◆ Supplied data
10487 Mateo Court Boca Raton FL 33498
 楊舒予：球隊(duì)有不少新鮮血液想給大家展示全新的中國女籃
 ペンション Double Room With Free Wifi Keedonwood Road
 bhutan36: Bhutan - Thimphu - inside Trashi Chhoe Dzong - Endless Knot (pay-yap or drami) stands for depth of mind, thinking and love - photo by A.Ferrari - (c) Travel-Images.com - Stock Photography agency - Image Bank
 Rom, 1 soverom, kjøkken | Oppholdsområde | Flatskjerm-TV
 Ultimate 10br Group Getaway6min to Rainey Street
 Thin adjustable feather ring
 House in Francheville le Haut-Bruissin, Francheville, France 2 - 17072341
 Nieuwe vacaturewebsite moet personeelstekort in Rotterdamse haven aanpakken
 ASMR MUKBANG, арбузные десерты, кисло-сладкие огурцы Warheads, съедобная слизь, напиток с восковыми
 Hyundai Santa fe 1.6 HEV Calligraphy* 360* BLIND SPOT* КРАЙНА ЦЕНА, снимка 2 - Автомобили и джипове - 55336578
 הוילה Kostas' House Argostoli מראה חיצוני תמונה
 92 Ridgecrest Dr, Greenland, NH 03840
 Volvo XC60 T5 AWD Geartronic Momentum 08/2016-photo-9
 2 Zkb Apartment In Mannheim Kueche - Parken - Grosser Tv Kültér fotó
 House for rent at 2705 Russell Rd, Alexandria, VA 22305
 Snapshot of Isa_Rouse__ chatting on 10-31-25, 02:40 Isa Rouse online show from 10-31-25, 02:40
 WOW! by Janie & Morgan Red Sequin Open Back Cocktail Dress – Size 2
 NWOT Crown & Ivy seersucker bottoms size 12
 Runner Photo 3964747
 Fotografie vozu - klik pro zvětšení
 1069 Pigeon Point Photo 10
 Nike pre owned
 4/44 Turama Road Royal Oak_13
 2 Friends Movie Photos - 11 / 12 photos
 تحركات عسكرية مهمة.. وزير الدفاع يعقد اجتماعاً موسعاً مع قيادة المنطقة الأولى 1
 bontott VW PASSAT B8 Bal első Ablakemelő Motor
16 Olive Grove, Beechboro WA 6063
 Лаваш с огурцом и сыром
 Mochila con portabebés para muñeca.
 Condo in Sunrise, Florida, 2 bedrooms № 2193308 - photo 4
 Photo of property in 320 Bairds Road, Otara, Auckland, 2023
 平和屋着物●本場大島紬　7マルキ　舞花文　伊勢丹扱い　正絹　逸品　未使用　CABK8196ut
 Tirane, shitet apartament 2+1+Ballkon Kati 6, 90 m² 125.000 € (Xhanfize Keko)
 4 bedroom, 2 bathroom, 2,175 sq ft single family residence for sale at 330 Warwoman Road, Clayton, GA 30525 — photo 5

◆ Your goal
What is needed is a word-for-word copy of all the material.

◆ Output below
10487 Mateo Court Boca Raton FL 33498
 楊舒予：球隊(duì)有不少新鮮血液想給大家展示全新的中國女籃
 ペンション Double Room With Free Wifi Keedonwood Road
 bhutan36: Bhutan - Thimphu - inside Trashi Chhoe Dzong - Endless Knot (pay-yap or drami) stands for depth of mind, thinking and love - photo by A.Ferrari - (c) Travel-Images.com - Stock Photography agency - Image Bank
 Rom, 1 soverom, kjøkken | Oppholdsområde | Flatskjerm-TV
 Ultimate 10br Group Getaway6min to Rainey Street
 Thin adjustable feather ring
 House in Francheville le Haut-Bruissin, Francheville, France 2 - 17072341
 Nieuwe vacaturewebsite moet personeelstekort in Rotterdamse haven aanpakken
 ASMR MUKBANG, арбузные десерты, кисло-сладкие огурцы Warheads, съедобная слизь, напиток с восковыми
 Hyundai Santa fe 1.6 HEV Calligraphy* 360* BLIND SPOT* КРАЙНА ЦЕНА, снимка 2 - Автомобили и джипове - 55336578
 הוילה Kostas' House Argostoli מראה חיצוני תמונה
 92 Ridgecrest Dr, Greenland, NH 03840
 Volvo XC60 T5 AWD Geartronic Momentum 08/2016-photo-9
 2 Zkb Apartment In Mannheim Kueche - Parken - Grosser Tv Kültér fotó
 House for rent at 2705 Russell Rd, Alexandria, VA 22305
 Snapshot of Isa_Rouse__ chatting on 10-31-25, 02:40 Isa Rouse online show from 10-31-25, 02:40
 WOW! by Janie & Morgan Red Sequin Open Back Cocktail Dress – Size 2
 NWOT Crown & Ivy seersucker bottoms size 12
 Runner Photo 3964747
 Fotografie vozu - klik pro zvětšení
 1069 Pigeon Point Photo 10
 Nike pre owned
 4/44 Turama Road Royal Oak_13
 2 Friends Movie Photos - 11 / 12 photos
 تحركات عسكرية مهمة.. وزير الدفاع يعقد اجتماعاً موسعاً مع قيادة المنطقة الأولى 1
 bontott VW PASSAT B8 Bal első Ablakemelő Motor
16 Olive Grove, Beechboro WA 6063
 Лаваш с огурцом и сыром
 Mochila con portabebés para muñeca.
 Condo in Sunrise, Florida, 2 bedrooms № 2193308 - photo 4
 Photo of property in 320 Bairds Road, Otara, Auckland, 2023
 平和屋着物●本場大島紬　7マルキ　舞花文　伊勢丹扱い　正絹　逸品　未使用　CABK8196ut
 Tirane, shitet apartament 2+1+Ballkon Kati 6, 90 m² 125.000 € (Xhanfize Keko)
 4 bedroom, 2 bathroom, 2,175 sq ft single family residence for sale at 330 Warwoman Road, Clayton, GA 30525 — photo 5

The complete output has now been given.